* Information provided:
════

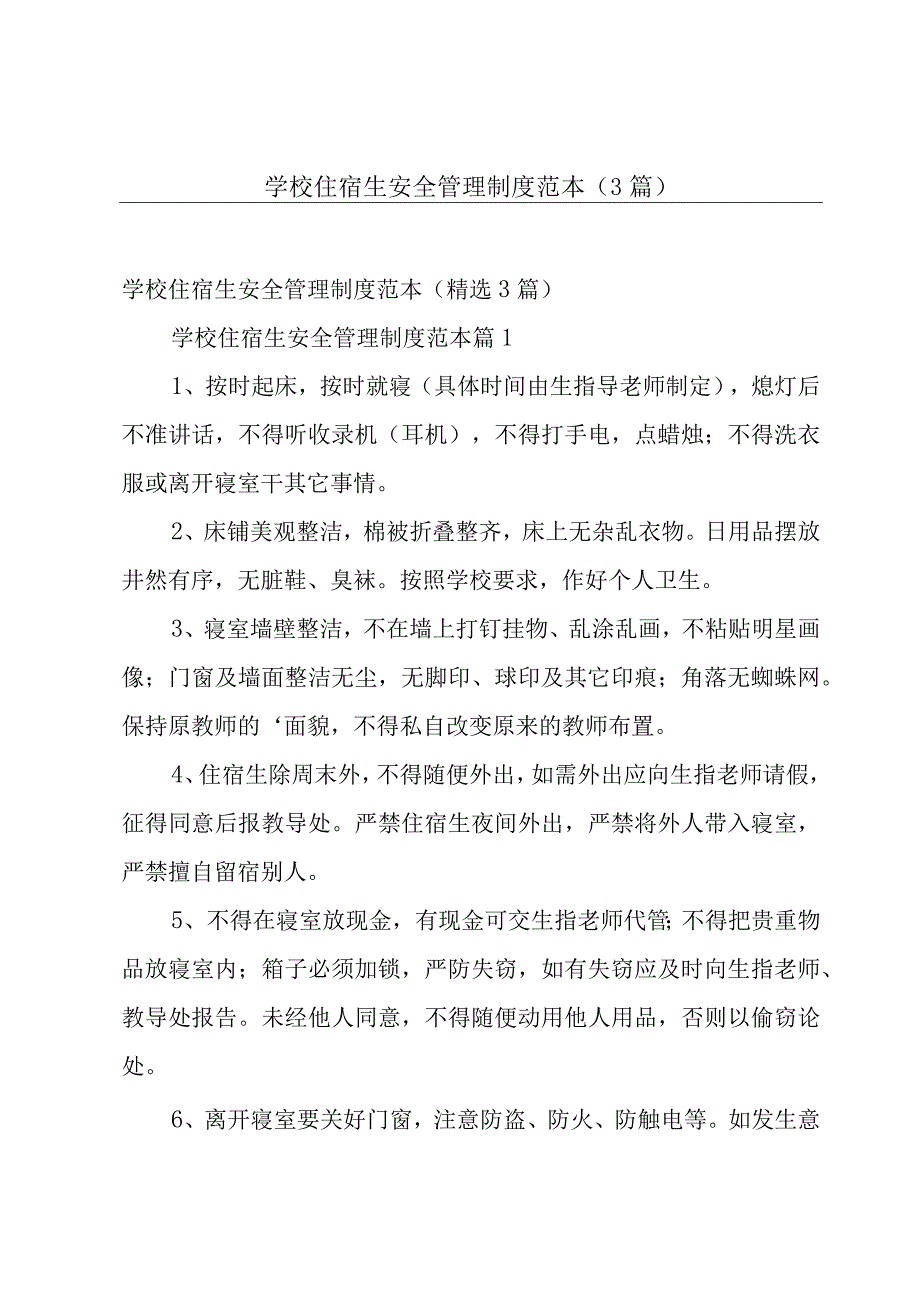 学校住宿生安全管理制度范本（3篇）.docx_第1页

════

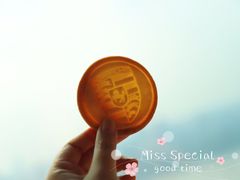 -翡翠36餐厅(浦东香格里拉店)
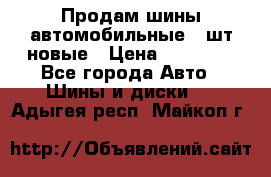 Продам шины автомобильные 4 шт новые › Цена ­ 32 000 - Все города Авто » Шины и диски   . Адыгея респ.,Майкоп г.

════

* Task directions: Look back at the data above, then output exactly the lines from the line holding "-翡翠36餐厅(浦东香格里拉店)" up to and including the line holding "Продам шины автомобильные". Leave out the pictures.

* Your solution:
 -翡翠36餐厅(浦东香格里拉店)
 Продам шины автомобильные 4 шт новые › Цена ­ 32 000 - Все города Авто » Шины и диски   . Адыгея респ.,Майкоп г.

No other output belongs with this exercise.